Chisholm was a pillar of the CA Brumbies' starting XV, having held down a run-on lock position for six years. The athletic 115-kilo second rower managed just seven matches for the CA Brumbies in the 2009 Super 14 season before a broken wrist, suffered against the Cheetahs in Bloemfontein, prematurely ended the veteran lock's season. While the setback saw him overlooked for the Wallabies domestic Tests, Chisholm returned to the international fold during the 2009 Tri Nations Series, again establishing himself in the Australian starting XV. His role as an incumbent lock for the Wallabies also booked him a place on the Wallabies' Grand Slam northern hemisphere tour – the fifth Spring Tour of his career. His strong lineout winning ability, aggressive physicality, barnstorming running and frequent try-scoring has formed the cornerstone of his success throughout his career. The powerful tight forward was a consistent performer for the CA Brumbies since his boom debut season in the 2004 Super 12 season that featured six tries in a Super 12 championship-winning year. In addition to his Super 12 title, Chisholm was named the CA Brumbies' 'Best Forward' and runner-up to George Smith in the Brett Robinson Award in 2007, and is currently the club's second most-capped lock behind David Giffin (80 caps). It was announced in May 2011 that Chisholm had signed with French club Bayonne on a 2-year deal.
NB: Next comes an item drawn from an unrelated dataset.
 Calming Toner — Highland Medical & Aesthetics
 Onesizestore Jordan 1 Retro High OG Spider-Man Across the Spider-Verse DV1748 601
Chisholm has also been a key figure in Wallaby selections since making his Test debut – replacing Nathan Sharpe – on the 2004 Spring Tour and passed 50 Tests in 2010.
The following season he made his debut for the Wallabies in a test against Scotland in Edinburgh and was subsequently named in the 22 against France the following week and went on to start at lock for Australia A against the French Barbarians in Paris. In 2005 he started at lock in six of the 12 tests he played in. He also scored tries in the tests against Samoa and Italy. He was named in the Wallabies 2007 Rugby World Cup squad. He is the 32nd Australian player to play in a half century of Tests, and just the fourth lock. He finished the 2010 Super 14 season just 12 matches short of a century of matches in that competition.
He was ruled out of competing in the 2011 Rugby World Cup due to rupturing his anterior cruciate ligament in a Super Rugby match for the Brumbies in June 2011.
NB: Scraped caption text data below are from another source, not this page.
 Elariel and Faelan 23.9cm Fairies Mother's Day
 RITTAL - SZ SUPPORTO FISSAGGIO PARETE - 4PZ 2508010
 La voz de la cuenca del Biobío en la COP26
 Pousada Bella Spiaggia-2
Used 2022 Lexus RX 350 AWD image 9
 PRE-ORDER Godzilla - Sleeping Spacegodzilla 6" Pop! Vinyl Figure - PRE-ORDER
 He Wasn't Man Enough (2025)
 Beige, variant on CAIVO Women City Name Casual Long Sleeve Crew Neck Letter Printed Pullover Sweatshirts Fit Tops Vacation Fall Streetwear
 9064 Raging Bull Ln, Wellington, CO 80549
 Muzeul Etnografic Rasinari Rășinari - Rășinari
At 6 ft 6 inches and weighing 246 lb, he is one of the largest players in current Australian rugby. He was also described by body building flanker David Pocock as the wallaby with the largest biceps.
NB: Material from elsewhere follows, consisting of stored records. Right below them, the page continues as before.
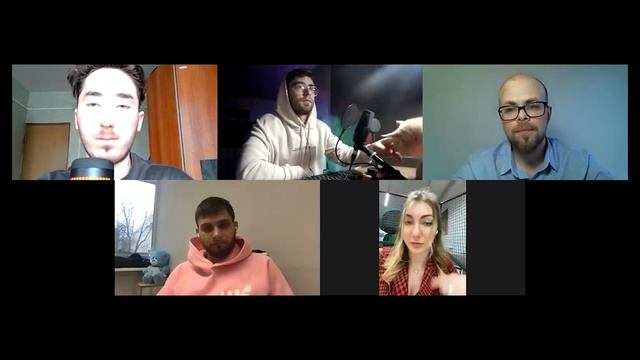 AVG PODCAST#4: WELD. Покупаем кофе за крипту картой в прямом эфире смотреть онлайн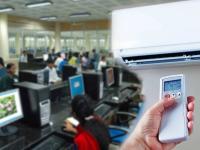 ACमध्ये जास्त वेळ बसता का? वेळीच काळजी घ्या, 'हे' आजार होऊ शकतात! - Marathi News | ac harmful side effects spending so much time in ac may cause disease sleep eye back pain | Latest health Photos at Lokmat.com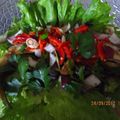 Cooksnap dari Dewi Khoirinisa untuk resep Ikan Goreng Saus Rempah (Thai)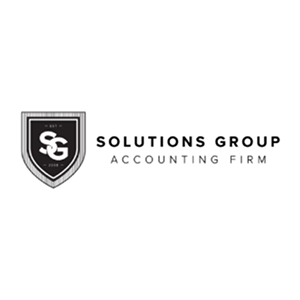 Solutions Group Accounting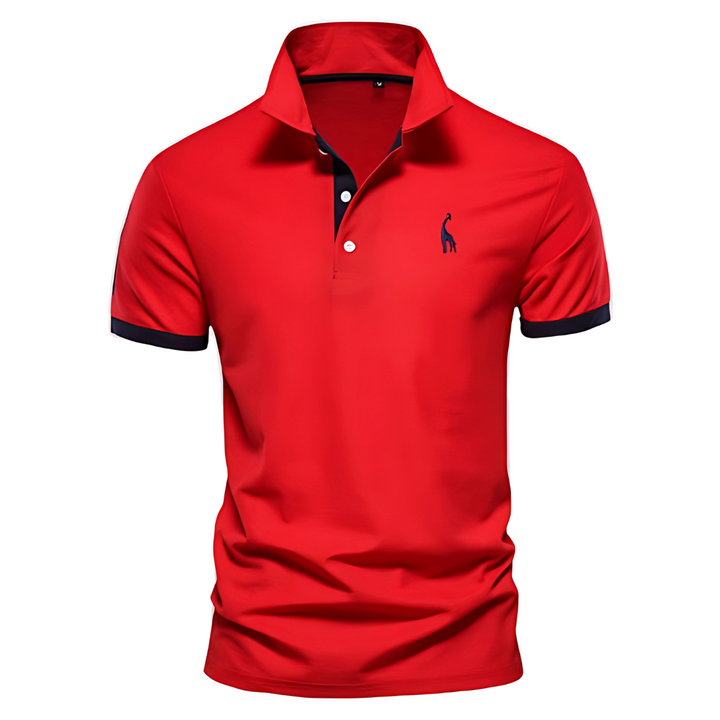 Jaxon | Premium Casual Polo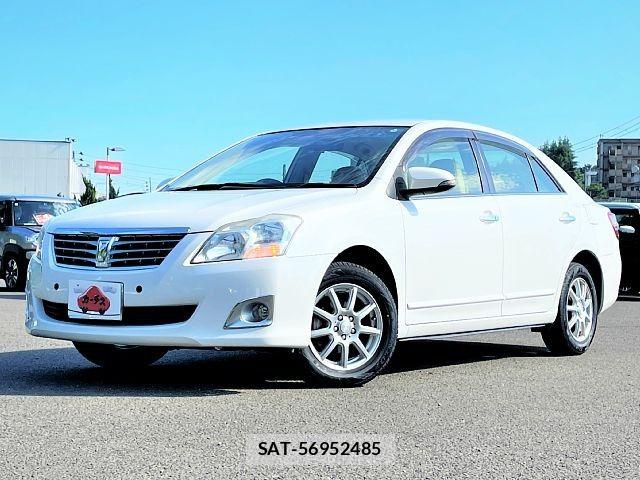 sat car
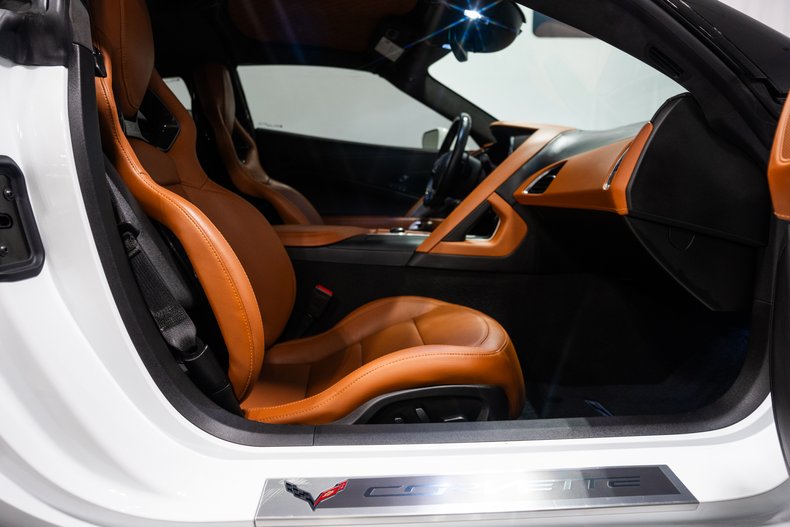 2019 Chevrolet Corvette ZR1 26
On 5 August 2015, it was announced that Chisholm had joined Irish Pro12 side Munster on a two-year contract. Chisholm made his Munster debut on 13 September 2015, starting against Ospreys in the 2015–16 Pro12. He made his European Rugby Champions Cup debut on 14 November 2015, starting the opening 2015–16 pool game against Treviso. On 27 February 2017, it was announced that, following an extended break from rugby due to concussion, Chisholm had returned to full training with Munster. On 31 March 2017, Chisholm made his first appearance since March 2016 when he was a replacement for Munster A in their 2016–17 British and Irish Cup semi-final win against Ealing Trailfinders. On 19 May 2017, it was announced that Chisholm would be retiring from rugby union upon the conclusion of the 2016–17 season.

==Personal life==
Mark was born to parents James and Laurel Chisholm on 18 September 1981 in Gladstone, Queensland. In 1998 he graduated from St Joseph's College, Gregory Terrace in Brisbane.

In December 2004, he married his childhood sweetheart Lauren Campbell with the blessing of her father, former Wallaby second row Bill Campbell, at All Hallows in Brisbane. They have 5 children together; Zachary, Xander, Allegra, Tobias and Olivier.